Foucault propose cinq caractéristiques qui permettent de distinguer la parrêsia de l’ouverture d’esprit, du propos d’un professeur qui explique tout à ses élèves et d’autres situations où l’on dit la vérité. Un trait important est que celui qui parle doit être en situation d’infériorité par rapport à celui qui l’écoute. Foucault explique que les criminels qui avouent leurs crimes sous la contrainte n’utilisent pas la parrêsia. Mais, dit-il, « lorsque volontairement, faisant usage de leur liberté, ils décident de dire la vérité sur ce qu’ils ont fait, et qu’ils sont dans une situation où celui à qui ils ont fait cet aveu est en mesure de les punir ou d’exercer en quelque sorte une vengeance contre eux, dans ce cas il y a parrêsia ». Il faut en outre qu’ils agissent « en raison d’un certain devoir moral ».

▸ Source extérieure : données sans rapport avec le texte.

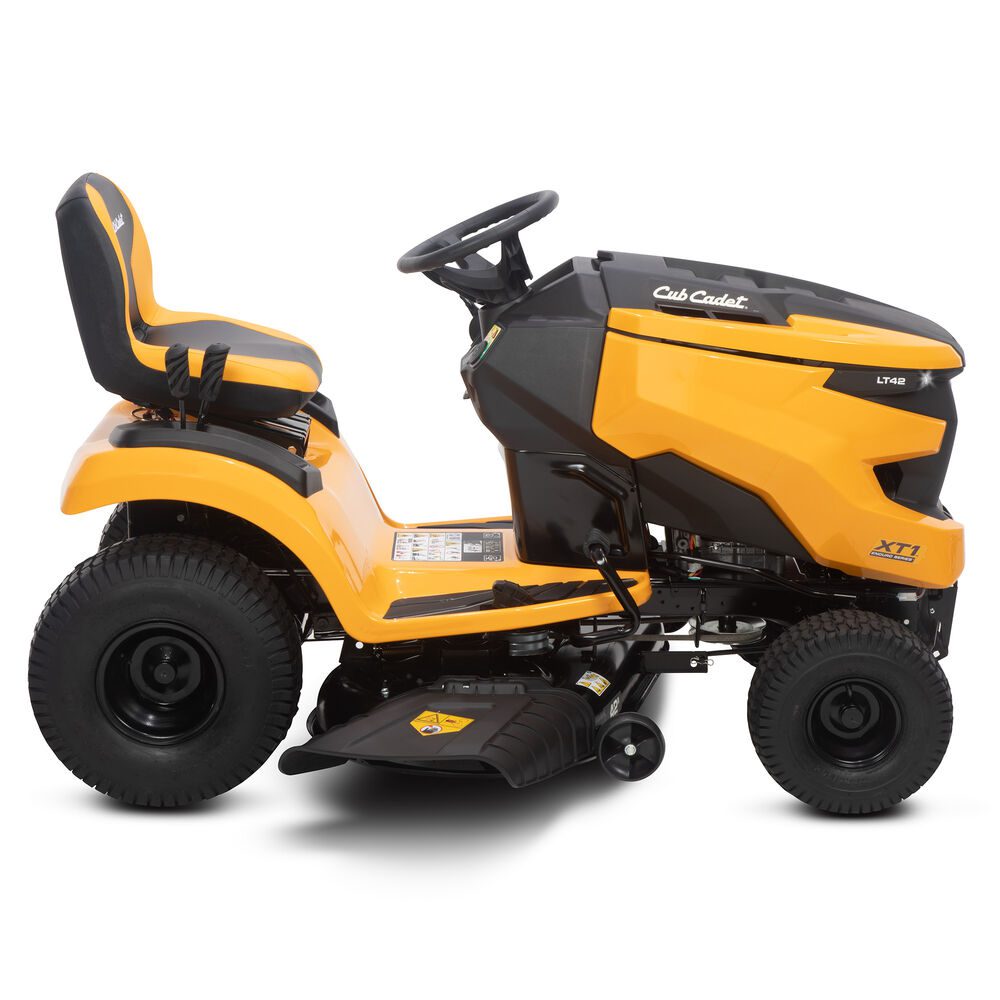 Cub Cadet XT1LT42 New 2000x2000 3.jpeg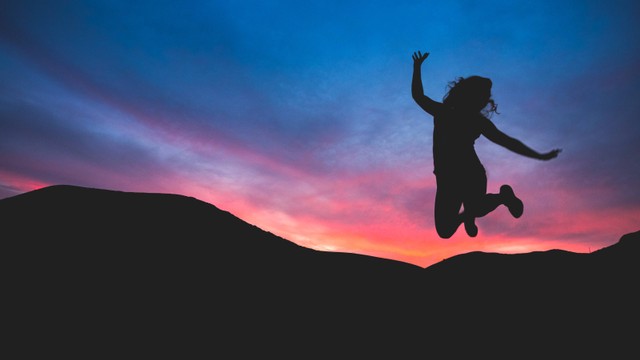 ilustrasi 20 Ucapan Selain Happy Sunday untuk Orang Terdekat. Foto : Unsplash/Austin Schmid.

Voici une manière de comprendre le fait de reconnaître ses torts. Il y en a d’autres, moins sincères, moins risquées, moins fondées sur le devoir, moins humbles. Mais celle que nous avons décrite – et qui, point essentiel, est utilisable par les différentes parties à un conflit, chacune reconnaissant ses torts – peut déboucher non seulement sur la paix, mais aussi sur la réconciliation.
(1) « Bucha shows the ‘cruel face’ of Russian army, says EU’s chief », Reuters, 8 avril 2022. Ma traduction.
(2) Voir « Attaque de la gare de Kramatorsk: Macron dénonce une attaque ‘abominable’ contre des civils », BFMTV, 8 avril 2022.
(3) « Bucha shows the ‘cruel face’… », op. cit. Ma traduction.
(4) Voir « Les forces ukrainiennes accusées d’exactions envers des soldats russes », Le Monde, 8 avril 2022, et « Des images montrent des soldats ukrainiens achevant des militaires russes », Le Figaro, 7 avril 2022.
(5) Dictionnaire historique de la langue française Le Robert, 4ème édition, 2010.
(6) « Faire confiance à une personne, c’est se placer dans un état de dépendance, ou prolonger un état de dépendance, à l’égard de la compétence et de la bonne volonté de cette personne » (Annette Baier, « Confiance », in M. Canto-Sperber (dir.), Dictionnaire d’éthique et de philosophie morale, Paris, PUF, 1996).(7) M. Foucault, Discours et vérité, précédé de La parrêsia, Vrin, Philosophie du présent, 2016. Les citations proviennent de la conférence donnée le 24 octobre 1983 à l’Université de Californie à Berkeley.